=== Begin Enclosure ===

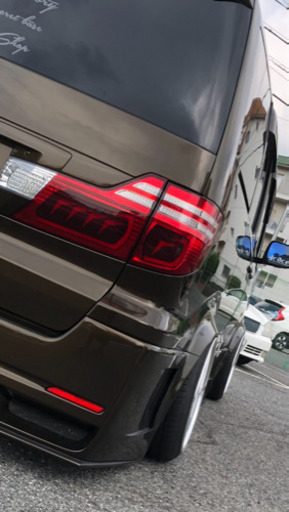 10アルファード　テールランプ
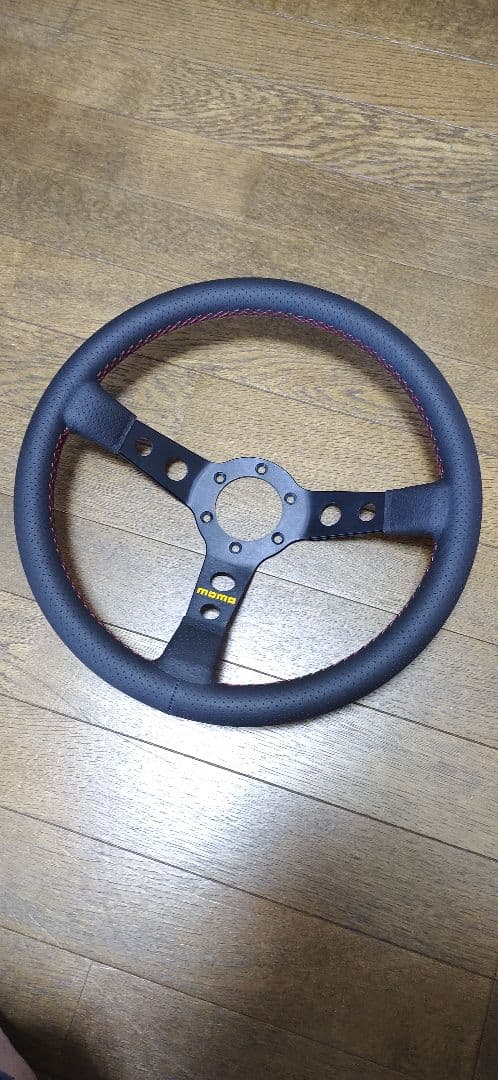 ご依頼者★純正オプションMOMOステアリング張り替えご依頼分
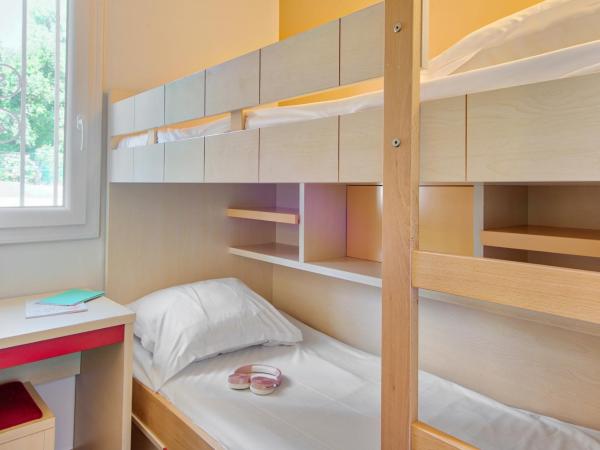 Résidence Pierre & Vacances Les Parcs de Grimaud : photo 2 de la chambre studio avec alcôve et terrasse ou balcon (4 personnes)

=== End Enclosure ===

- TASK STATEMENT:
Starting at the line that contains "ご依頼者★純正オプションMOMOステアリング張り替えご依頼分", retype every line through the end of the material exactly as written, including both end lines but no pictures.

- FINISHED EXERCISE:
 ご依頼者★純正オプションMOMOステアリング張り替えご依頼分
 Résidence Pierre & Vacances Les Parcs de Grimaud : photo 2 de la chambre studio avec alcôve et terrasse ou balcon (4 personnes)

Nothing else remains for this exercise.